音楽の学習は、音楽に親しみをもたせ、音楽を愛好する心情を育てることを重視し、児童生徒に楽しく豊かな音楽経験をさせることによって、音楽を学習する喜びを得させ、音楽的感覚を養うことがたいせつである。

最近の音楽指導上の問題は、

○ 児童生徒が喜んで学習に取り組んでいるか。

○ 児童生徒が音楽科の指導目標に向かってどう高まっているか。

の二つにまとめられる。

児童生徒が喜んで学習に取り組み、音楽の美しさを意欲的に表現したり、鑑賞したりする態度を育てることは、すべてに優先する課題であり、意欲なくしては学習の成立はあり得ない。

次に、児童生徒が指導目標に向かってどのように向上しているかという問題である。

授業で取り扱う教材曲は、児童生徒の心身の発達に応じて高度なものになっているが、階名唱をしたり、記譜したりする力は相応に伸びていないことが多い。読譜や記譜の能力が中学生になっても小学校中学年の児童と大差がないということは、系統的、発展的な指導といいながら基礎的な指導の積み重ねがなされていないということになり、各学年の指導目標に照らして一人一人の学習状況をたしかめながら着実な指導をすすめる配慮がじゅうぶんでないといえよう。

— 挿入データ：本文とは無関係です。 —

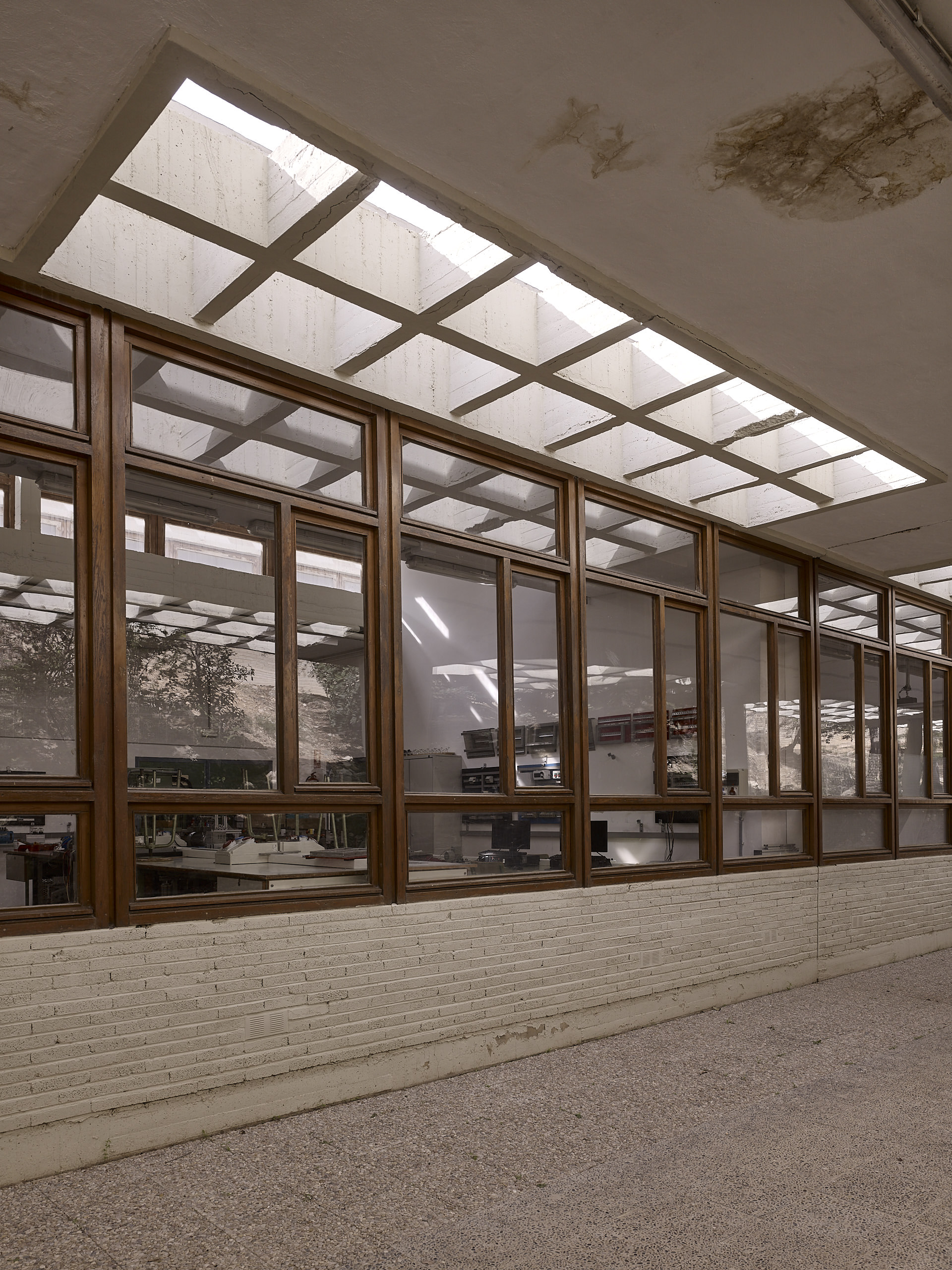 Universidad Laboral Cheste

本年度の指導の重点として、「指導内容の理解と重点的指導」「指導計画の改善」「集中して学習させる指導法の改善」等を掲げ、それぞれに具体的な観点をあげている。これらは、いずれも音楽科の指導効果をあげる上でじゅうぶん配慮すべきものであるが、各校では実態に応じて、更に重点的に努力すべきものを明確にしていく必要がある。

ここでは、小学校、中学校共通の重点である「指導法の改善」に関する内容から主な観点を取り上げ、前記の問題点に関連する指導上の留意事項を述べる。

 

一、目標を具体化し、学習の段階や到達度を明らかにして学習活動を活発にし、学習の充実感・達成感をもたせる

 

(一) 目標が明確で、具体的であること

児童生徒が、意欲をもって活発な学習ができるようにするには、まず、学習目標が児童生徒によくとらえられており、何を学習するかが具体的にわかり、しかも、学習をとおして達成できるという目標でなければならない。

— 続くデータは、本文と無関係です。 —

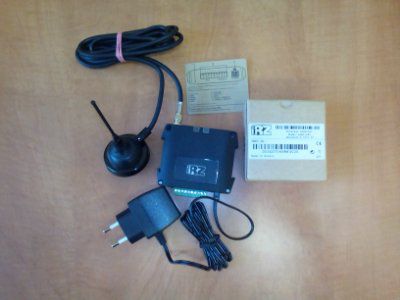 ����� IRZ GSM ATM2-485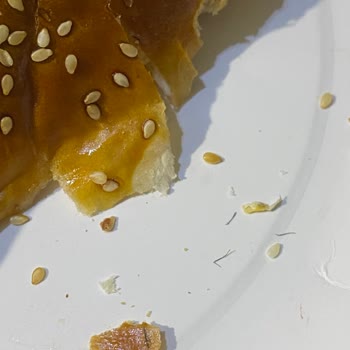 Hakmar Express Ekmek Sandviçte Metal Parçaları Bulundu Sağlık Riski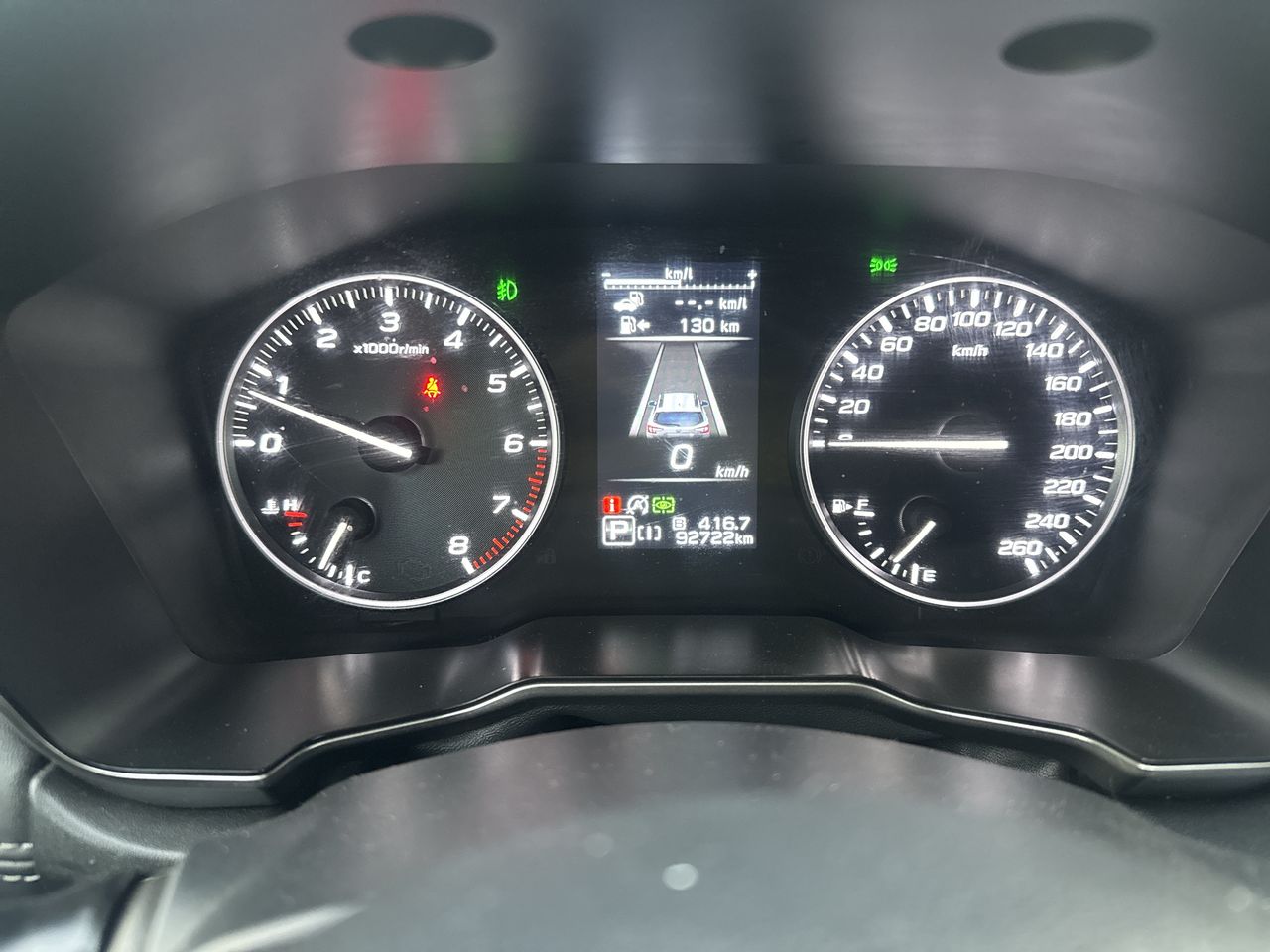 SUBARU - 13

音楽科では、題材学習の立場をとる場合が一般的であり、題材そのものを歌ったり、演奏したり、聞いたりすることをとおして目標に迫る方法をとるのがよい。しかし、ややもすれば、教材曲を選んだ立場(目標と指導内容、実態の関連)が忘れられ、ねらいが不明確になる場合がある。

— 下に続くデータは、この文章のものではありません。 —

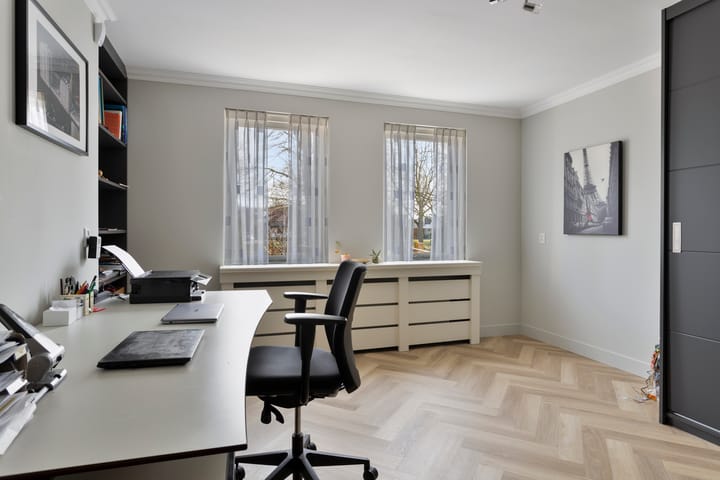 Foto 8 van De Blouwel 3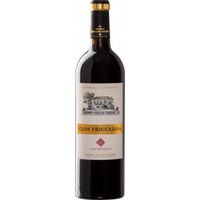 Clos Triguedina Rouge
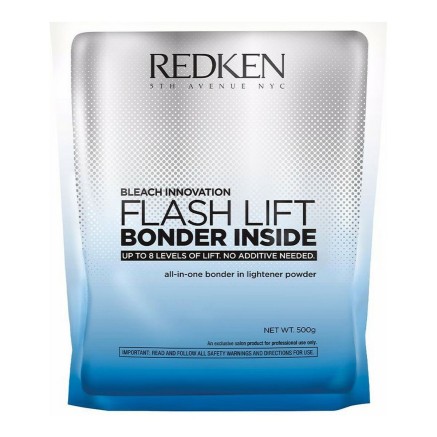 Verlichter Redken Flash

音楽科の学習の正しい意味は、曲の味わいを感得し、理解し、表現することである。したがって、曲の味わいを感得する助けとなる理解や、表現技能上の課題を解決する学習方法をとれば学習のめあては、教材曲に即して明確になり、学習内容も発展的となり、授業も充実すると考えられる。

目標を具体化するには、教材曲を教科目標や指導内容、児童生徒の実態に照らして多面的に分析し、その中から学習目標を重点化する教材研究が必要であり、その目標は、教材曲の学習をとおして達成されるという裏づけをもったものとしなければならない。

 

(二) 目標達成への筋道と段階が明確であること

学習が主体的に、効果的に行われるためには、児童生徒自身が、自分の現在の力と目標とのへだたりやずれを意識し、それを埋めるための細かな段階がは握されなければならない。そして学習を進める過程でその段階をふみながら目標に向かって着実に進んでいるか、又は、目標からそれているかを評価する働きがだいじになってくる。

このようにして目標を達成した満足感や喜びは、次の学習への意欲を呼び起こし、更に高い目標への志向を促す働きをするのである。

 

(三) 基礎の内容は、各領域の活動の中で取り扱われること

音楽的感覚を細分していくと、調性感、拍子感、音程感、リズム感、和声感、速度感、強弱感等となり、結果的に見れば、これらは音楽を構成する基礎的な内容であるということから、これらの内容を取り出して徹底した指導を繰り返せば能力として身につくと考え易い。この結果は音楽の授業を無味乾燥にし、音楽の授業が嫌いな児童生徒をつくってしまうことが多い。

児童生徒は音楽に感動を求めているのである。音楽の美しさを感じとり、更に感動を深めていくように、音楽に密着して基礎の指導がなされ、美しさや味わいと一体となって基礎の力が身についていくように指導上特段の配慮が必要である。

 

二、学習の過程や成果について絶えず評価反省し、効果的な授業を行うようにする

 

評価は、児童生徒が目標にどの程度到達したか、あるいは、その学習がどのように進歩したかを測り、学習への意欲づけをするとともに、指導計画や指導方法を検討するためのものである。